Ну вот, Алексей Паршин, теперь ты узнал. Даже кивнул, когда слушал – мол, понимаю, продолжай. Нужно как-то пообвыкнуть с этой новостью.
– Они поэтому развелись?
– Да. Твоей маме стало страшно, и она… в общем, развелись.
– А сюда он когда уехал?
– Сразу же и уехал. У него был выбор – или самому уехать из города, или уехали бы вы. А здесь клиника хорошая. Вот он и уехал. Ты не подумай, я не осуждаю. Маму твою не осуждаю. С ним действительно было тяжело. Очень тяжело. Лечение, конечно, помогало, ничего такого с ним больше не повторялось. Но… Да, было тяжело, – Ольга замерла с поднятой рюмкой, опустив глаза.
Мне вдруг почудилось, что я увидел в этот момент все то, что видела она, уставившись в унылую спину времени. «Было тяжело». – «Да-да, я вижу. Вижу». – «Тебе могло бы быть так же тяжело. Вместо меня. Он бы жил с вами, я бы с ним не встретилась. Но тебя отгородила от этого твоя мама». – «Считаешь, она правильно сделала?» – «А ты как считаешь?» – «Я первый спросил». – «А я считаю – да, правильно. Он ведь так и не решился завести со мной детей. Боялся – вдруг у него опять случится обострение, и он что-нибудь сделает с ребенком». – «Но почему ты с ним жила?»
Ольга смотрела на меня удивленно, и я понял, что последний вопрос я задал вслух.
– Давай выпьем, – сказала она, качнув в мою сторону рюмкой. – Я думала, ты так и останешься запертым на все замки – говоришь мне «вы», а я ведь на год тебя младше.
Мы выпили. Ольга проглатывала водку, сильно морщась, так, что щеки ее собирались в тугие остренькие холмики. Гримаса ее держалась пару секунд и исчезала как ни в чем не бывало.
– Странные ты вещи спрашиваешь. Зачем женщина живет с мужчиной, если жить с ним тяжело и приходится каждую минуту следить: не накрыло ли его снова, не пора ли в клинику? Любила, – она пожала плечами как-то механически, обреченно, что ли.
– Любила, – повторил я за ней.
– Ты, Алексей, доедай все тут.
«А отчего у него… это?» – «Опять же, странные вещи спрашиваешь. Отчего… не знаю… От генов. От судьбы».
Ольга потрепала меня ладошкой по лежащей на столе руке. Ладонь у нее была сухая. Это тоже было важно – я боялся, что ладонь окажется влажной, как это часто бывает у полных людей.

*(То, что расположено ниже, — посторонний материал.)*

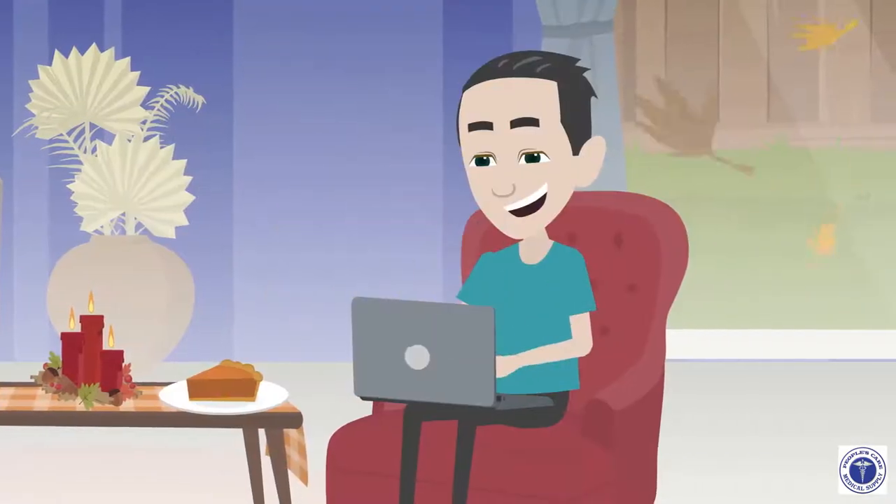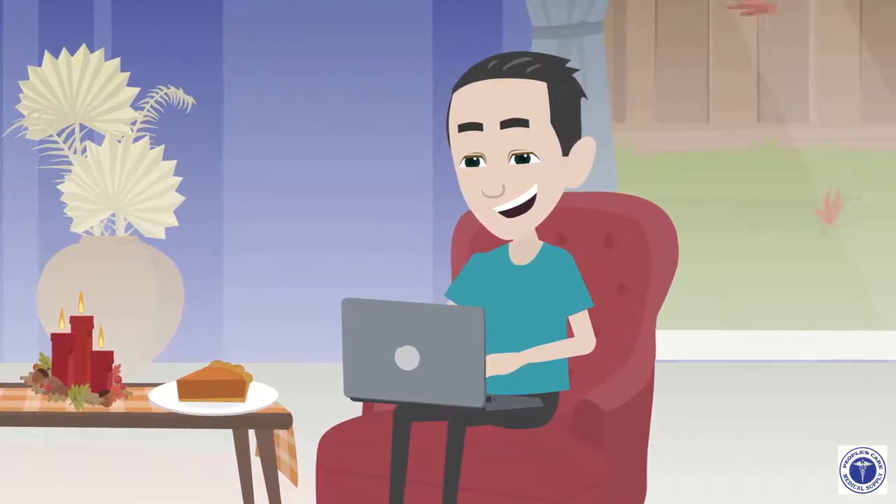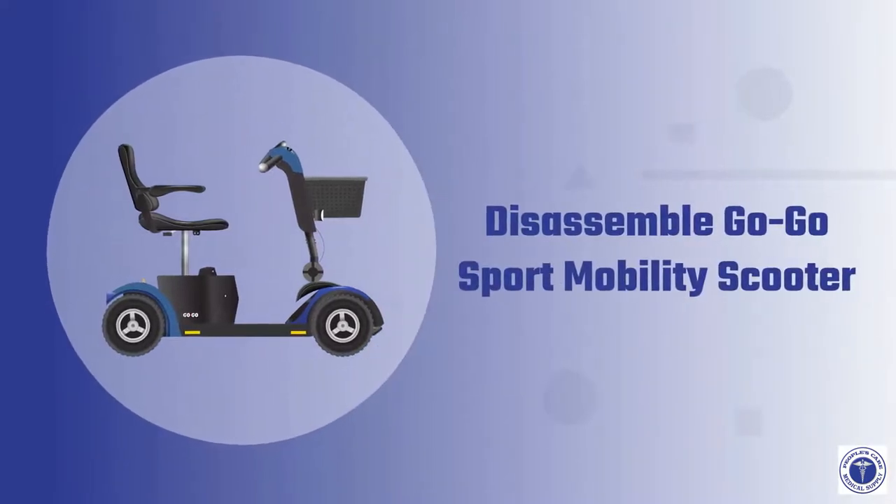The purpose of this video is to make your day an enjoyable and satisfactory experience when renting or buying our mobility products. Now, let's disassemble the GoGo Sport Mobility Scooter.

– Да ты не зацикливайся. Теперь-то что?
Дуська вспрыгнула на подоконник, по пути беззвучно толкнув столешницу задними лапами, и разлеглась там под горшком алоэ с толстыми пыльными щупальцами, мордой к стопарю.
– Некому тебя больше гонять за такие фокусы. А, Дусь? Некому. Это не твое, – сказала Ольга, отодвинув от кошки стопарь с хлебом.
Встала, налила в блюдце воды, поставила возле Дуськи, а на другом блюдце выложила перед ней колбасу.
– На вот.
Теперь и Дуська поминала моего отца.
– В нем ведь помимо болезни столько всего хорошего было, – я не сразу уловил, что Ольга обращается уже не к кошке, а ко мне. – Он был хороший человек, Леша. Жаль, что у вас с ним не сложилось.
Она продолжала говорить, но я уже не слушал – я все ощупывал и так, и эдак эту ее фразу: «он был хороший человек, Леша». Его больше нет – и до сегодняшнего дня, пока не увидел свою фотографию на тумбочке, я был уверен, что никогда с ним не встречался… И я совсем не страдаю по поводу его смерти… совсем не страдаю… Но вот услышал, что он был хорошим человеком, и мне вдруг стало хорошо. Будто это и про меня было сказано, что и я тоже – хороший. Не думал, что такие вещи могут быть мне приятны.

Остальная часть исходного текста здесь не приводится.